Having found that the Debtor is entitled to avoid the Kova's judgment lien on his property claimed as his homestead, this Court must now address the Debtor's argument that he may also avoid the judicial lien on his other parcels of real property (as well as the homestead property, were that necessary) using the "wildcard" exemption found in O.R.C. § 2329.66(A)(17). This provision has been termed "wildcard" because, unlike the other exemption provisions, it may be applied to "any property" the Debtor chooses. This Court has been unable to find any Ohio case wherein the wildcard exemption was used alone to avoid a lien on real property, and only one case where it was used in conjunction with another exemption. In re Shells, 171 B.R. 816 (Bankr.S.D.Ohio 1994) (debtors allowed to use wildcard exemption in addition to homestead exemption to avoid lien on homestead property).

However, courts interpreting federal and other state wildcard exemptions have refused to restrict the term "any property" and have applied it in a wide variety of situations. 2 Norton Bankruptcy Law and Practice 2d, § 46:11, 46-20 citing In re Smith, 640 F.2d 888 (7th Cir. 1981); In re Bronner, 135 B.R. 645 (9th Cir. BAP 1992); In re Flamme, 14 B.R. 21 (1st Cir. BAP 1981); In re Caylor, 31 B.R. 821 (Bankr.W.D.Pa. 1983); In re Hilbert, 12 B.R. 434 (Bankr.E.D.Pa. 1981). Further, numerous cases exist in other jurisdictions where the wildcard exemption was used to avoid liens on many types of property. In re Ambrose, 179 B.R. 982 (Bankr.S.D.Ga. 1995) (debtor avoided lien on loveseat, sofa, washer and dryer); In re Rader, 144 B.R. 864 (Bankr.W.D.Mo. 1992) (wildcard exemption used in part to avoid lien on mechanic tools); Matter of Welborne, 63 B.R. 23 (Bankr.D.Neb. 1986) (wildcard exemption used to avoid lien on stereo and television). See also In re Patterson, 825 F.2d 1140 (7th Cir. 1987) (debtor would have been able to use wildcard exemption to avoid lien on farm machinery and cattle but for the fact that under § 522(f), a non-possessory, non-purchase money lien cannot be avoided when the exemption is claimed for such property). Further still, the wildcard exemption has been used to avoid judgment liens on real property. In re Shells, supra; In re Hilbert, 12 B.R. 434 (Bankr.E.D.Pa. 1981) (wildcard exemption used to avoid judicial lien on non-residential real estate); In re Harris, 139 B.R. 386 (Bankr.E.D.N.C. 1992) (wildcard exemption used to avoid judicial lien on surplus from foreclosure sale of debtor's real property).
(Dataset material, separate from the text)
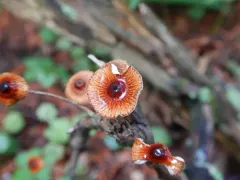 Crinipellis campanella thumbnail 2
This Court has read no cases interpreting the Ohio exemptions which would not permit the wildcard exemption to be used to avoid a judicial lien on real property under the current law. Further, at least one case, In re Shells, cited supra, allowed the use of the Ohio wildcard exemption to avoid a lien on the debtors' residence in addition to the use of the homestead exemption. 171 B.R. at 818. Further, the House Report accompanying the Bankruptcy Reform Act of 1994 makes it clear that Congress did intend to allow debtors to avoid liens even where third party liens exist. Indeed, under the plain reading of § 522(f) of the Bankruptcy Code, as mandated by the Supreme Court in United States v. Ron Pair Enterprises, Inc., 489 U.S. 235, 109 S.Ct. 1026, 103 L.Ed.2d 290 (1989), the avoidance powers clearly do not exclude the use of the wildcard or any other applicable exemption to avoid liens. Thus, this Court concludes that the Debtor may avoid the judicial lien on his real property as impairing his wildcard exemption.
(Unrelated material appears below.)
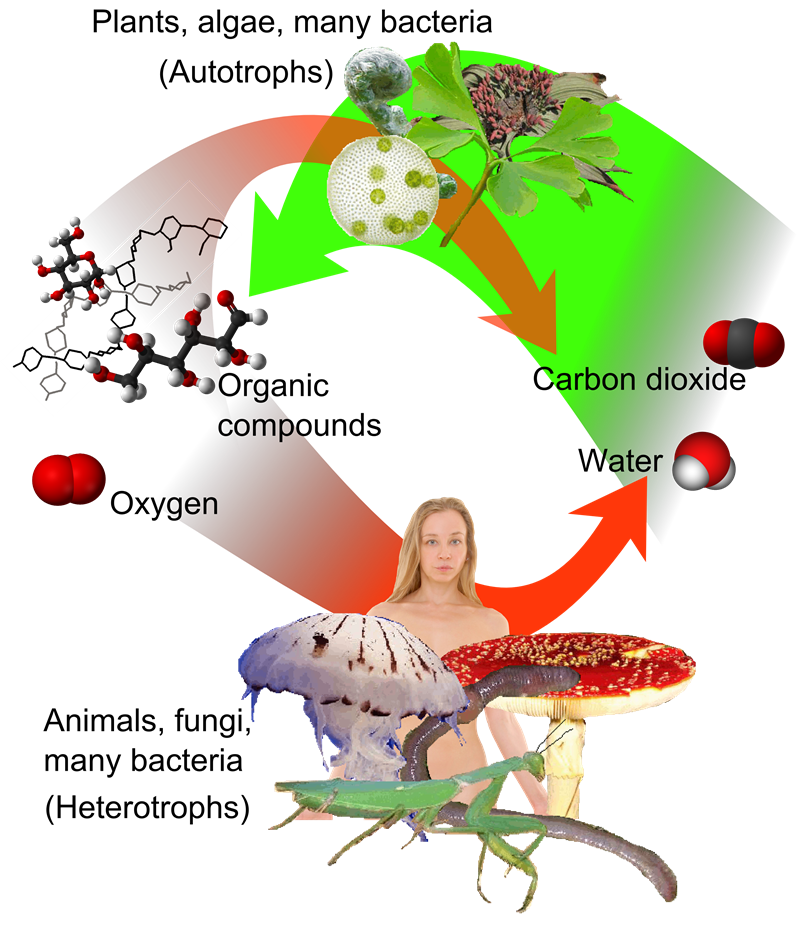 Autotrophic Nutrition Nutrition In Plants Lesson Cbse Class My XXX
This Court also concludes that under the plain reading of the definition of impairment as explained by Congress, the judicial lien shall be avoided in full where the debtor has no equity in the property. See the House Report quoted supra, second paragraph. This is also the simple result when the arithmetic test found in new § 522(f) is applied. As stated in the House Report, this test was an adaptation of the formula explained in In re Brantz, 106 B.R. 62 (Bankr.E.D.Pa. 1989), cited with favor by the Supreme Court in Owen v. Owen, 500 U.S. at 313, n. 5, 111 S.Ct. at 1838, n. 5. The Brantz formula makes it even more clear that there will be no portion of the judicial lien which remains unavoidable when the debtor has no equity in the property, because the sum of the debtor's exemption and the unavoidable liens on the property will exceed the fair market value of the property. Thus, even one dollar of exemption could avoid a judicial lien of any amount in full, as long as the debtor has no equity in the property.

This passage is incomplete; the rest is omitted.